# Assignment 1 - Wine Quality (UCI) - Classification

**Student:** Justus Izuchukwu Onuh  
**Institution:** Ho Chi Minh City University of Technology  
**Course:** Programming Platform for Data Analysis and Visualization (CO5177)  
**Lecturer:** LE THANH SACH  


---

### Objective 
Perform **Exploratory Data Analysis (EDA)** and apply a **classification** model to the UCI Red Wine Quality dataset.  
Everything (code, plots, explanations, and results) will be contained in this notebook.


### Tasks 
1. Load and explore the dataset  
2. Perform comprehensive EDA with visualizations  
3. Apply a **classification** model (predict `quality_label`) 
4. Evaluate model performance with classification metrics  
5. Present findings and explanations clearly using Markdown and code cells


In [1]:
# Step 1: Setup — imports and download dataset
from pathlib import Path 
import urllib.request
import pandas as pd
import numpy as np
import matplotlib.pyplot as plt
import seaborn as sns
import sys

sns.set(style="whitegrid")
DATA_DIR = Path("data")
DATA_DIR.mkdir(exist_ok=True)

URL = "https://archive.ics.uci.edu/ml/machine-learning-databases/wine-quality/winequality-red.csv"
DATA_PATH = DATA_DIR / "winequality-red.csv"
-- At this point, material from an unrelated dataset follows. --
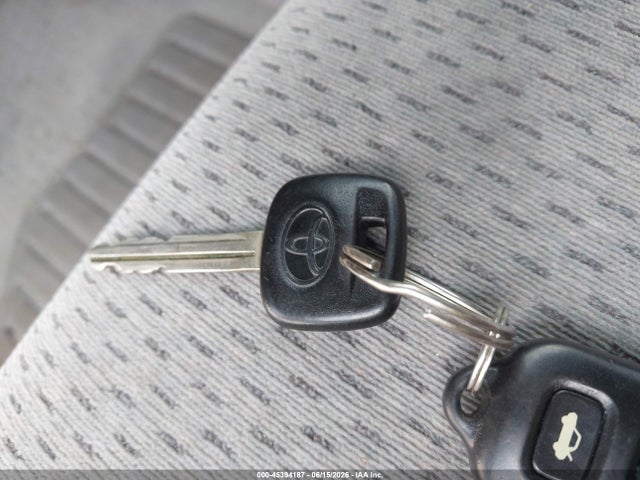 2003 Toyota Camry Le მანქანა იყიდება აუქციონზე, vin: 4T1BE32K33U697019, აუქციონის ნომერი: 45394187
if not DATA_PATH.exists():
    print("Downloading dataset from UCI repository...")
    urllib.request.urlretrieve(URL, DATA_PATH)
    print("Download complete:", DATA_PATH)
else:
    print("Dataset already present at:", DATA_PATH)

print("Notebook kernel Python:", sys.executable)


Downloading dataset from UCI repository...
Download complete: data/winequality-red.csv
Notebook kernel Python: /opt/homebrew/opt/python@3.11/bin/python3.11


### Dataset description

- **Source:** UCI Machine Learning Repository (Wine Quality — Red)  
- **Samples:** 1599 red wine observations  
- **Features (11 numeric):** fixed acidity, volatile acidity, citric acid, residual sugar, chlorides, free sulfur dioxide, total sulfur dioxide, density, pH, sulphates, alcohol  
- **Original target:** `quality` (integer score, usually 3–8)

**Modeling decision (classification):**  
We will convert `quality` to a binary label `quality_label` where:
- `quality_label = 1` (good) if `quality >= 7`  
- `quality_label = 0` (not good) if `quality < 7`

This threshold is chosen to separate higher-quality wines from the rest; it is a common and interpretable split for classification tasks. We will justify and briefly discuss this choice in the notebook results.